In Massachusetts, the crime of driving under the influence of drugs or alcohol is called Operating Under the Influence or OUI. The per se definition of OUI in the state is operating any motor vehicle with a blood alcohol content or BAC of higher than 0.08 percent. This definition applies to drivers in the state who are 21 years old and older and who drive privately owned vehicles.
Massachusetts also defines OUI as driving while under the influence of intoxicating substances like:
- Narcotic vapors
- Prescription medications
- Other illicit controlled substances
If a driver’s ability to safely operate a vehicle is greatly diminished by these substances, he or she can be charged with an OUI in Massachusetts.
It is possible to be charged with an OUI even if the person’s vehicle is not moving or the engine is not running. The driver must have the ability and intent to operate the vehicle while under the influence of drugs or alcohol to be charged with this offense.
The allowable BAC limit for commercial drivers is lower at 0.04 percent. This limit applies to all drivers who hold CDLs that are issued both in Massachusetts as well as out-of-state.
Drivers who are under the age of 21 will be arrested for OUI if they have BACs of higher than 0.02 percent. This BAC for underage drivers is established under the state’s zero-tolerance laws.

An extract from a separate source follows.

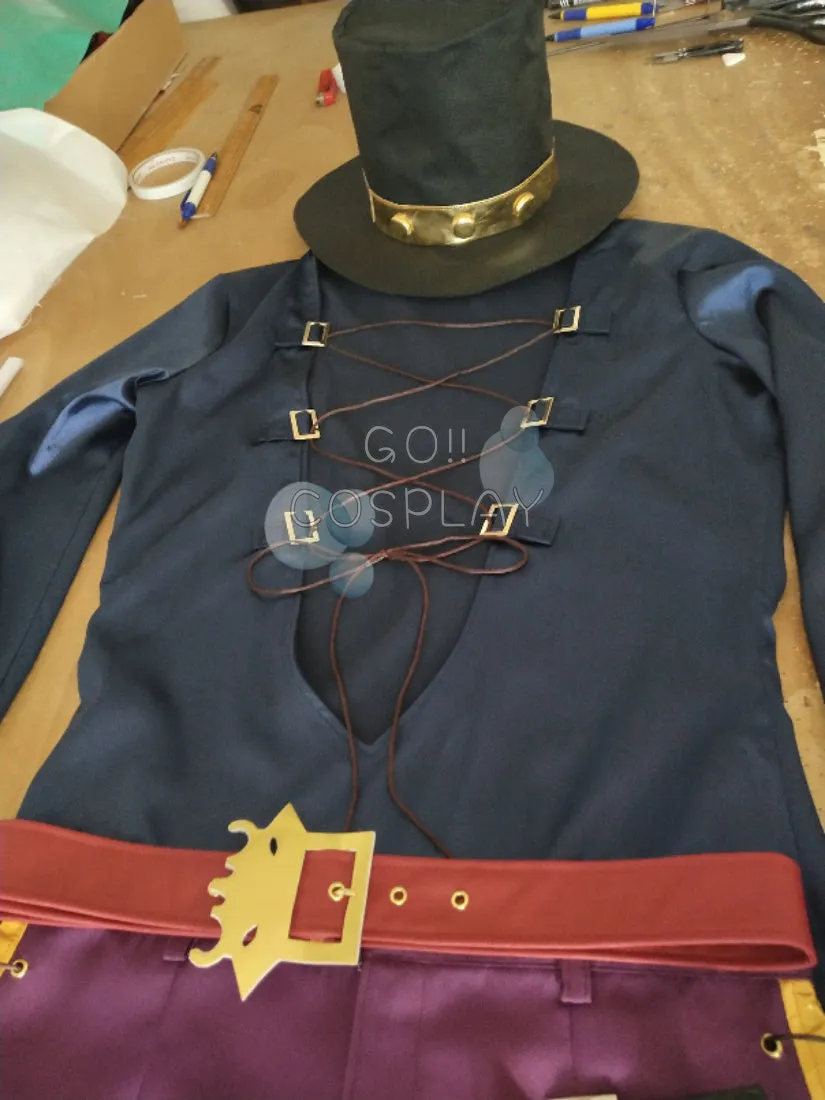 Customize LOL The Magnificent Twisted Fate Costume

OUI Penalties in Massachusetts
Massachusetts utilizes a variety of penalties to address Operating Under the Influence charges. These punishments are designed to prevent drivers from engaging in this criminal behavior.

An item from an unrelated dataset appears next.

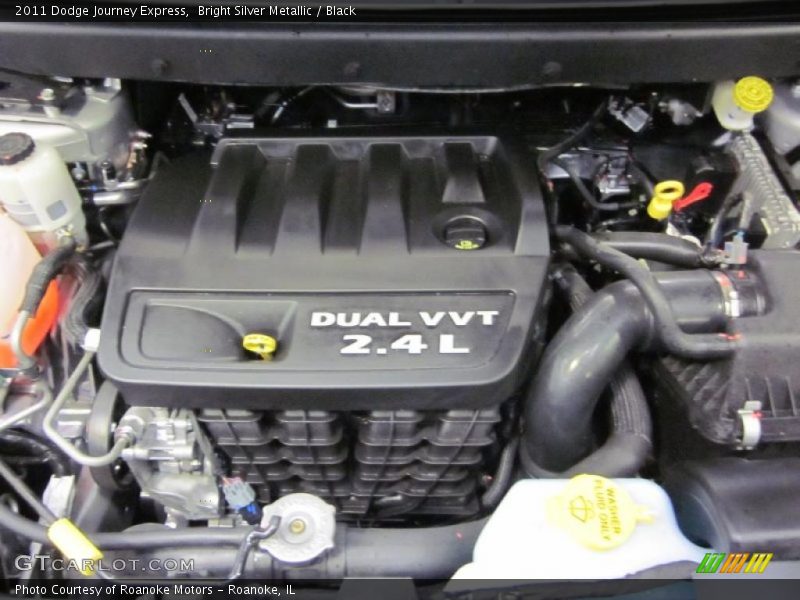  2011 Journey Express Engine - 2.4 Liter DOHC 16-Valve Dual VVT 4 Cylinder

A first OUI in Massachusetts can result in a jail term of up to 2.5 years and a fine of $500 to $5000. The offender can also have his or her drivers’ license suspended for up to one year.

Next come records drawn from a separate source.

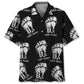 Hawaiian Shirt / Adults / S Bigfoot I Hate People Hawaiian Shirt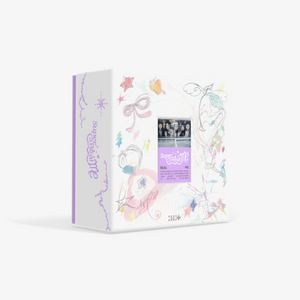 ILLIT (아일릿) 1ST MINI ALBUM - [SUPER REAL ME] - EVE PINK K-POP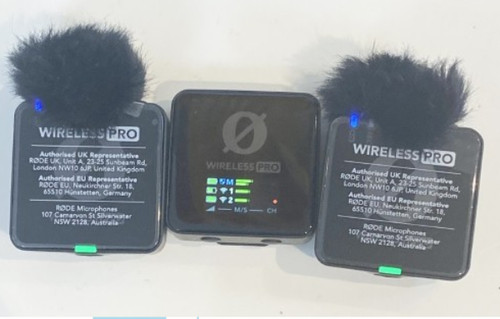 Rode wireless pro with case - ,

A second OUI conviction leads to 60 days to 2.5 years in jail with at least 30 days being mandatory. The fine for a second conviction can range from $600 to $10,000, and the offender can have his or her license suspended for two years.
A third OUI conviction results in a jail term of 180 days to 2.5 years or a prison term of five years with 150 days being mandatory. The fines range from $1000 to $15,000, and the offender can have his or her license revoked for up to eight years.
First and second-time OUI offenders in Massachusetts can bypass jail time and steep fines by serving a probationary period instead. On a first conviction, the offender must complete at least one year of probation and have his or her license suspended for 45 to 90 days.
The suspension period increases to 210 days if the offender is under the age of 21. An OUI offender is eligible for a first-time OUI probationary sentence if the prior charge occurred more than 10 years ago.
OUI offenders who have at least one passenger under the age of 21 in the car can face an additional charge of child endangerment. He or she can also pay a fine of $1000 to $5000, serve 90 days to 2.5 years in jail, and have his or her license revoked for one year.
The commercial OUI penalties for CDL drivers include having the license suspended for one year. The license will be revoked for three years if the driver hauls hazardous materials. The license can also be revoked for one year if the CDL driver:
- Refuses a breathalyzer test
- Leaves the scene of the accident involving the commercial vehicle
- Causing an accident with the vehicle that results in death
CDL drivers will have to petition the court to have their commercial drivers’ licenses reinstated.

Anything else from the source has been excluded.